Recently I assembled a rig specced out as follows:
Ubuntu 19.04
AMD Ryzen ThreadRipper 2950X
128GB DDR4 RAM
3x RTX 2080 ti (Drivers Version 440)
1300W PSU
After running darknet (With CUDA 10.2 and OpenCV installed) for several minutes, I get the following error message
“Xid (PCI:0000:08:00): 79, pid=1619, GPU has fallen off the bus.”
Under full load (I’m training a model using darknet), the temperatures stay within 65-85C. Power also doesn’t pull over 270W/card at peak, and that rarely ever happens anyway
If there’s any other info I can provide, please let me know!
The EVGA PSU is rated at 1300W and it’s gold standard, so at 100% load it’s 87% efficient, so that takes us down to 1131W… Which is kind of cutting it close…
Do you think that’s close enough to cut the GPUs off like that? Even though I’m running the GPUs at full power, the CPU doesn’t do much work, so we do have ~150W buffer. That being said though, it does run fine when only two of the cards are active, so it may very well be the PSU.
Also, I ran gpuburn for 20 minutes and all of the cards stayed online the entire time.
Sorry for being so thorough, I just want to be sure before I make a recommendation to my team (it’s very corporate, so it’s a pain to change things)
Btw, any PSUs that you recommend? I’m looking at this: CORSAIR AXi Series AX1600i CP-9020087-NA 1600W Digital ATX Power Supply - Newegg.com but using my previous calculations and 400w max/gpu instead, well the 1600w titanium puts out 1440w at 100% load and the max load is now 1467… Like I said, the cpu doesn’t run at 100% load… But that’s still a bit tight
I wouldn’t recommend those because those are digitally configurable PSUs running per default in multi-rail mode afaik and need the Corsair software to configure them for single-rail mode. I wouldn’t count on that software being available for Linux. Without single-rail you’ll run into the same problem.

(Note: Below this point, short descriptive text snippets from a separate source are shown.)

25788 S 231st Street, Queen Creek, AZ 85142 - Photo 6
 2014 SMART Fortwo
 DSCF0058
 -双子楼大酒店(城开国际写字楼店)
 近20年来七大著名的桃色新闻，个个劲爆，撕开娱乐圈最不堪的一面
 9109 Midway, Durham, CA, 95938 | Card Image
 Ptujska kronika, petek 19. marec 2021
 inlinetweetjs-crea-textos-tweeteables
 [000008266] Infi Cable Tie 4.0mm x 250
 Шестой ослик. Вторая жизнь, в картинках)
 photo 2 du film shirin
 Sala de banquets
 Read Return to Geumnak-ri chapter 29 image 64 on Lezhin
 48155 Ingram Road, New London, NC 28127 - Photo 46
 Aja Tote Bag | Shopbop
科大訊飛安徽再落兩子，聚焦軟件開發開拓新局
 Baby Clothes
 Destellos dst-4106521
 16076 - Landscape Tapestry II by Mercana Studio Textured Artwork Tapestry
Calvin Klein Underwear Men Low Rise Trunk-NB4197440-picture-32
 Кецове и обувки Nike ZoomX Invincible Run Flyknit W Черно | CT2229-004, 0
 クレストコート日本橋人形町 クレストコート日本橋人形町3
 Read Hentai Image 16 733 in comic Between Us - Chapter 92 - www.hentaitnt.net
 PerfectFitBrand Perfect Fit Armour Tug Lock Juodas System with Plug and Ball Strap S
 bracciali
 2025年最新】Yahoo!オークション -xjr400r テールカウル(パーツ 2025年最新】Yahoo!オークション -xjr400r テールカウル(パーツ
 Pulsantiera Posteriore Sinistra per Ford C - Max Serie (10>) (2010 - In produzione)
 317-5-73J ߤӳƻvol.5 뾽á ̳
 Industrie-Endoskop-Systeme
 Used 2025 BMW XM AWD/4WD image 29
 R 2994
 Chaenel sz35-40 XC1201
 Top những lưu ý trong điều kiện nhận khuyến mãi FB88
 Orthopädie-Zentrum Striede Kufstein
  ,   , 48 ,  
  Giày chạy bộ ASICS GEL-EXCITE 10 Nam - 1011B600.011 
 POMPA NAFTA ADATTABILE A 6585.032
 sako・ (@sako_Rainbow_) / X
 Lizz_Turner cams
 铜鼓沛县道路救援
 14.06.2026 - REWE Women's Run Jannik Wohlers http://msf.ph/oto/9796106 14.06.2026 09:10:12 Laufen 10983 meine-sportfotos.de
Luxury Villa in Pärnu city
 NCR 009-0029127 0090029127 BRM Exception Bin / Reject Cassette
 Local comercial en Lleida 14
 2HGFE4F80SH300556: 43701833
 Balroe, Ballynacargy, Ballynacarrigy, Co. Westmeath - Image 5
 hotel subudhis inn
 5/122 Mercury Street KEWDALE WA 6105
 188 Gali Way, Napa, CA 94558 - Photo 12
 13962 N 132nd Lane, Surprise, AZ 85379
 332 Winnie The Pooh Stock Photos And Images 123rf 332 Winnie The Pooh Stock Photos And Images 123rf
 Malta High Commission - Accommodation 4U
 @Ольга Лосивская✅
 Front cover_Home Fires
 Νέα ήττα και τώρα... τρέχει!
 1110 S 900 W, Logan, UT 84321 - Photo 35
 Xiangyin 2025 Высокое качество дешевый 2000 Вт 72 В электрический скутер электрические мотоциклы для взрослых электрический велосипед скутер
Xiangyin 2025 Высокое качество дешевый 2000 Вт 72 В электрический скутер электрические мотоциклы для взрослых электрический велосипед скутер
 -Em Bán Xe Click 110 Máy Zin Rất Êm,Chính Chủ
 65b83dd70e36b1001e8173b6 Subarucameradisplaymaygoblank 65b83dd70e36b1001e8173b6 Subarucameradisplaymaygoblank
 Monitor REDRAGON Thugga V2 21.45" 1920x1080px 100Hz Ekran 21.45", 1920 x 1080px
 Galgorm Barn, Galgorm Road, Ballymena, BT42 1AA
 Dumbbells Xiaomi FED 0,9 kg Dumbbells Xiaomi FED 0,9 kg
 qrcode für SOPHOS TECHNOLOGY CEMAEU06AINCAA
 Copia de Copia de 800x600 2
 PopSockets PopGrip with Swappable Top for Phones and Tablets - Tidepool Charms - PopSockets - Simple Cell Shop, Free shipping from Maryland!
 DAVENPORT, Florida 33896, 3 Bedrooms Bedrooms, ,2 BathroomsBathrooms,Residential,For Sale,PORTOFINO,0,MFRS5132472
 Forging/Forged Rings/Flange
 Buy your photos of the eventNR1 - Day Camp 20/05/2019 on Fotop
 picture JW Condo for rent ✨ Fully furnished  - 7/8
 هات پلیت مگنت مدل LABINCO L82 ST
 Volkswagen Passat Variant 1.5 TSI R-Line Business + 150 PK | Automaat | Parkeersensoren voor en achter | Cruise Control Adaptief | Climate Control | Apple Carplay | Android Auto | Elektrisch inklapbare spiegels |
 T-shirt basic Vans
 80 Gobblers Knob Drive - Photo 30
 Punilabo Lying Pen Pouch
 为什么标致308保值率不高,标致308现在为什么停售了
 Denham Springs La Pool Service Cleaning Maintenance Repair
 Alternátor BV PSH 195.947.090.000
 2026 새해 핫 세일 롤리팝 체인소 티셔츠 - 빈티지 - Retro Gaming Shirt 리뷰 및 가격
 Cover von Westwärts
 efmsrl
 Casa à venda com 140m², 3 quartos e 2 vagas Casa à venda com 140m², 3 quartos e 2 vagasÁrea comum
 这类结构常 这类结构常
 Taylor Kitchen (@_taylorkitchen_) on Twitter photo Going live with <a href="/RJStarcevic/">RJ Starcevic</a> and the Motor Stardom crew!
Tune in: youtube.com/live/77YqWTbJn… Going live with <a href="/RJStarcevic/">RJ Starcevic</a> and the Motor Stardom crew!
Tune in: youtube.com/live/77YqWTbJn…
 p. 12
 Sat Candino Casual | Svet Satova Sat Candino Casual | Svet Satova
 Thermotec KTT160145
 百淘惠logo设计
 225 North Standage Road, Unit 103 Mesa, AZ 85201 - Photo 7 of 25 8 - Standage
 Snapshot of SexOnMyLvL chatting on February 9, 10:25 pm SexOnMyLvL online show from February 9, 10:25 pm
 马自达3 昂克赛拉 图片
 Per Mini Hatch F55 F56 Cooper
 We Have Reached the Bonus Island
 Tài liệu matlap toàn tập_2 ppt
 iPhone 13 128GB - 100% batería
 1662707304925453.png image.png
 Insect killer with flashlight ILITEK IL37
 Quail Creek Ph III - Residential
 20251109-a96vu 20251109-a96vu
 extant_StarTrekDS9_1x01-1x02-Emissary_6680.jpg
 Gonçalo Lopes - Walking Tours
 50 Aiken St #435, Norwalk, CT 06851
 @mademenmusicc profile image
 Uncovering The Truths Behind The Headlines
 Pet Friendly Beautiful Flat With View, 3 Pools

Hmm okay, so the better option is to just get a second psu then. Can you point me to an article about that? I read the post that you sent about the Quadros and the 6KW psu with n+1, but I’m not entirely sure how to set that up
That was specific to that HPE server, it had four psus which can be set in bios as either online or fail-over spare.
I can’t really wholeheartedly recommend any psu, not my field of knowledge. I only know about some of the pitfalls.